You're Invited: A conversation on MENA Publishing, Archives and NYC + a Guided Tour of NYPL's Niyū Yūrk exhibit
passerby is presenting a conversation with Danya Issawi, Hiba Abid, Hira Ahmed, and Wael Morcos at the NYPL on their grand opening of their latest exhibit
passerby is thrilled to invite you to the grand opening of the New York Public Library’s new exhibition Niyū Yūrk: Middle Eastern and North African Lives in the City, presented by the Center for Educators and Schools:
5:00 PM — Opening cocktails
6:00 PM — Special musical performance
6:30 PM — Panel: Diasporic Prints: MENA Publishing, Archives, and New York City with writer Danya Issawi, curator Hiba Abid, Acaica Mag founder Hira Ahmed, and designer Wael Morcos
7:00 PM — Guided tour of the exhibition led by Hiba Abid, Curator of NYPL’s Middle Eastern & Islamic Collections
Details below.

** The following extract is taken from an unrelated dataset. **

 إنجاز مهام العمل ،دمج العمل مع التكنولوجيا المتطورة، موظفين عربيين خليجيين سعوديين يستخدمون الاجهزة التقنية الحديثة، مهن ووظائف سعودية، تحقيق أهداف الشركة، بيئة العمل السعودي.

This event is exclusive to passerby club members (paid subscribers).*

about the panel conversation
Diasporic Prints: MENA Publishing, Archives, and New York City gathers writers, editors, curators, and designers who are actively shaping independent publishing in New York to reflect on the long history of diasporic publishing in the city — and its future. From zines to small magazines to design-led print ephemera circulating within immigrant communities, publishing has always been a public good: a collective infrastructure of memory, belonging, and visibility.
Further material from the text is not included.